## MATERIAL SHOWN
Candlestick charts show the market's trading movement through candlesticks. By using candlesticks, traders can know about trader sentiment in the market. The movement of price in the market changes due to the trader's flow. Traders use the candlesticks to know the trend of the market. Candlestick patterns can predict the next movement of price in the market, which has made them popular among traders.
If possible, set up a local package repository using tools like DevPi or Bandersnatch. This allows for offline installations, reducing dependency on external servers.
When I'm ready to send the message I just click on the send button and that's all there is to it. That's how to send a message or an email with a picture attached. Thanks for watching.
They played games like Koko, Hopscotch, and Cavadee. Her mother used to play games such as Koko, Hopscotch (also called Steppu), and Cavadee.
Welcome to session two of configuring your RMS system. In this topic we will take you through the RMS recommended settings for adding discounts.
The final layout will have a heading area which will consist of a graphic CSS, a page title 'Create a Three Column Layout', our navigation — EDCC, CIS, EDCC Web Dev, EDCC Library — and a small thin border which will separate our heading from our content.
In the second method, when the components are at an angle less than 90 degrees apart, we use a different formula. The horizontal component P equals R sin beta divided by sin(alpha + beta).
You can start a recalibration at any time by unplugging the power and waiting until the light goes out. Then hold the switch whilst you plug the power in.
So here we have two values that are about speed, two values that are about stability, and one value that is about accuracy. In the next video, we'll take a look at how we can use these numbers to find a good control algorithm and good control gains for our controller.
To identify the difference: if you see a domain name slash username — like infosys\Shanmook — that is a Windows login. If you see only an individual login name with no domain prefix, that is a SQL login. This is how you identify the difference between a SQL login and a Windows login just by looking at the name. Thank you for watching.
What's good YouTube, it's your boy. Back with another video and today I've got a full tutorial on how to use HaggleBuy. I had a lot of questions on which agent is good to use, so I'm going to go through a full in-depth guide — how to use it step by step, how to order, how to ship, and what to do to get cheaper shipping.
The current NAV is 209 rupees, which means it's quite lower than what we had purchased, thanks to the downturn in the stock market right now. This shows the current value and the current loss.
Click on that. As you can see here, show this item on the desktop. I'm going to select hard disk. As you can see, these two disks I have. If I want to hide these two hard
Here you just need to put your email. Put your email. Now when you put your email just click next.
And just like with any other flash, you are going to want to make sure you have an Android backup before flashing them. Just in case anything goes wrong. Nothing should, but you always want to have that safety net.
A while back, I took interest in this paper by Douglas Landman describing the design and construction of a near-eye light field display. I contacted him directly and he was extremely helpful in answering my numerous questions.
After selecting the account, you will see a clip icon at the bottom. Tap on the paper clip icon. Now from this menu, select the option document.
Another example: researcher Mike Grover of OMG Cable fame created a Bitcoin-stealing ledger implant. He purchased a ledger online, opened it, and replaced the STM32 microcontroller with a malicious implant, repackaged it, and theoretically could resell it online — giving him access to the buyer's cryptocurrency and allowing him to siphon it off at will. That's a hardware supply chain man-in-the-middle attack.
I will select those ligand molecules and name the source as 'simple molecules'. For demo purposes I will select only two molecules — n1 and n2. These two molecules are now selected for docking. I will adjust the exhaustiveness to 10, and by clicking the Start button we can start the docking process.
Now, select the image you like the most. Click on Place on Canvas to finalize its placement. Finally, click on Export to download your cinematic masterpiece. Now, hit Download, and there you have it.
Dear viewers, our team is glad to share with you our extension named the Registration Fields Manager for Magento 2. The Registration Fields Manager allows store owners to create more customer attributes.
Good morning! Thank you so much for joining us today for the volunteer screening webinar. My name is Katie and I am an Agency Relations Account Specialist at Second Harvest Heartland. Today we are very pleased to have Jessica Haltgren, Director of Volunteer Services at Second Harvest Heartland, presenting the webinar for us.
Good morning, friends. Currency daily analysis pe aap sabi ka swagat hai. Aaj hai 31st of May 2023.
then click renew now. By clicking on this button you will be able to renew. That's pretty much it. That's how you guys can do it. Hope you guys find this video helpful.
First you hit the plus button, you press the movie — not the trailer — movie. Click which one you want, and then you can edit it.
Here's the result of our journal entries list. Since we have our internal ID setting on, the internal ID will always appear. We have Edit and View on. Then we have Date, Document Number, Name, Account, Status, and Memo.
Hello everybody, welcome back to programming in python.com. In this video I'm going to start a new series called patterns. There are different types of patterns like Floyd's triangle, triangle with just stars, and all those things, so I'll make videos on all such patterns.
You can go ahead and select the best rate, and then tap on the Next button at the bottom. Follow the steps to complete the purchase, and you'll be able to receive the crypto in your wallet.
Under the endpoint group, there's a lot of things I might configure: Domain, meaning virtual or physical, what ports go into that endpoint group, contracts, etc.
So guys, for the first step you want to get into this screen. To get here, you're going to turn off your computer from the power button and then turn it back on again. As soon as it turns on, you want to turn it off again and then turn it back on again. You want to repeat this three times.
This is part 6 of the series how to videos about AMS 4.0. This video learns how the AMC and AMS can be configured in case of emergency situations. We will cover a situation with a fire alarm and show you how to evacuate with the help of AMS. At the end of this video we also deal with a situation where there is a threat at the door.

## TASK BRIEF
Look above for the line with "Here you just" and the line with "Dear viewers, our"; transcribe both and all lines in between, exactly, and nothing else.

## WRITTEN ANSWER
Here you just need to put your email. Put your email. Now when you put your email just click next.
And just like with any other flash, you are going to want to make sure you have an Android backup before flashing them. Just in case anything goes wrong. Nothing should, but you always want to have that safety net.
A while back, I took interest in this paper by Douglas Landman describing the design and construction of a near-eye light field display. I contacted him directly and he was extremely helpful in answering my numerous questions.
After selecting the account, you will see a clip icon at the bottom. Tap on the paper clip icon. Now from this menu, select the option document.
Another example: researcher Mike Grover of OMG Cable fame created a Bitcoin-stealing ledger implant. He purchased a ledger online, opened it, and replaced the STM32 microcontroller with a malicious implant, repackaged it, and theoretically could resell it online — giving him access to the buyer's cryptocurrency and allowing him to siphon it off at will. That's a hardware supply chain man-in-the-middle attack.
I will select those ligand molecules and name the source as 'simple molecules'. For demo purposes I will select only two molecules — n1 and n2. These two molecules are now selected for docking. I will adjust the exhaustiveness to 10, and by clicking the Start button we can start the docking process.
Now, select the image you like the most. Click on Place on Canvas to finalize its placement. Finally, click on Export to download your cinematic masterpiece. Now, hit Download, and there you have it.
Dear viewers, our team is glad to share with you our extension named the Registration Fields Manager for Magento 2. The Registration Fields Manager allows store owners to create more customer attributes.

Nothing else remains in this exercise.